Minimize $\sum{x_c}$
Subject to $\sum{x_c a_{s,c}} \ge n_s$

To see if a given solution is feasible for the linear program, we simply check. First, recall $a_{s,c}$ is the number of items of size $s$ in configuration $c$, so we have:

$a_{6,1} = 5$
$a_{10,1} = 0$
$a_{6,2} = 0$
$a_{10,2} = 3$

And also $n_s$ is the number of items of size $s$, so

$n_{6} = 14$
$n_{10} = 8$

The constraints are now

$x_{c_1} a_{6,1} + x_{c_2} a_{6,2} \ge n_{6}$
$x_{c_1} a_{10,1} + x_{c_2} a_{10,2} \ge n_{10}$

Putting in the values, now we get

$\frac{14}{5} 5 + \frac{8}{3} 0 \ge 14$
$\frac{14}{5} 0 + \frac{8}{3} 3 \ge 8$

Now it is obvious the given solution is feasible!

(3) The solution is sparse, as we have only two non-zero entries.

(4) Following the given algorithm, we would round down the given $x_c$ values, so we have

$\lfloor x_{c_1} \rfloor = \lfloor \frac{14}{5} \rfloor = 2$ bins in configuration 1 and
$\lfloor x_{c_2} \rfloor = \lfloor \frac{8}{3} \rfloor = 2$ bins in configuration 2.

(5) With the solution above, we have covered

$2 \times 5 = 10$ items of size $6$
$2 \times 3 = 6$ items of size $10$

So we have $14 - 10 = 4$ items of size $6$ and $8 - 6 = 2$ items of size $10$ to go in the problem $\bar I$.

(6) For $P_1$, we will be opening two more bins, one for each configuration.

(7) Now we run next fit as follow

[6,6,6,6] [10,10]

So we also open two bins with next fit, so again, we are using two more bins.
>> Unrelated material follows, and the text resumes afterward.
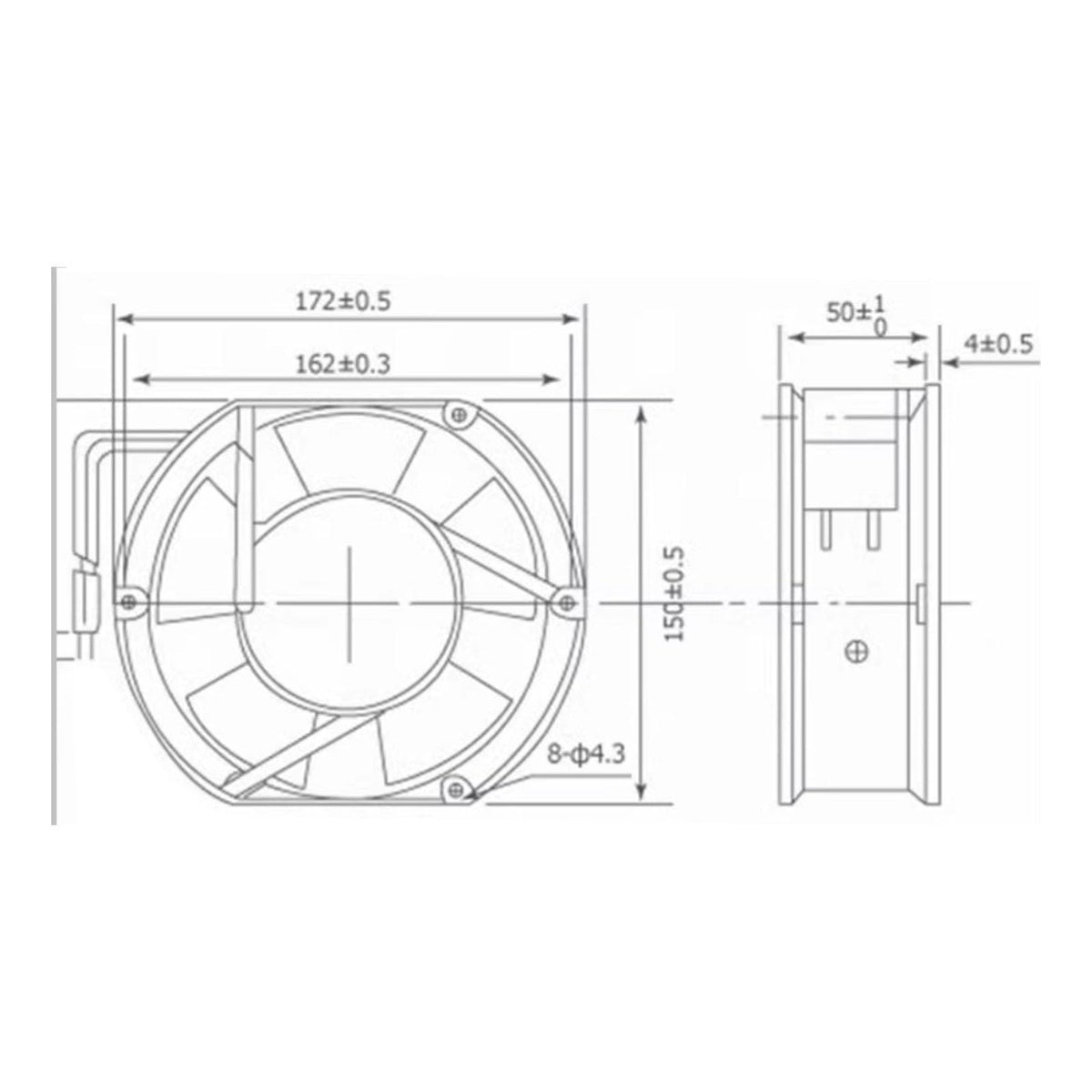 172mm Case Cooling Fan 3PIN 3WIRE 24V E378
(8) The total size is $6 \times 14 + 8 \times 10 = 164$, we will need at least $\lceil \frac{164}{30} \rceil = 6$ bins. The solution above use 4 bins in the linear programming solution and 2 more bins with the rest using either method, so it is using 6 bins. As there is no way we can do any better than 6 bins, so the solution is optimal.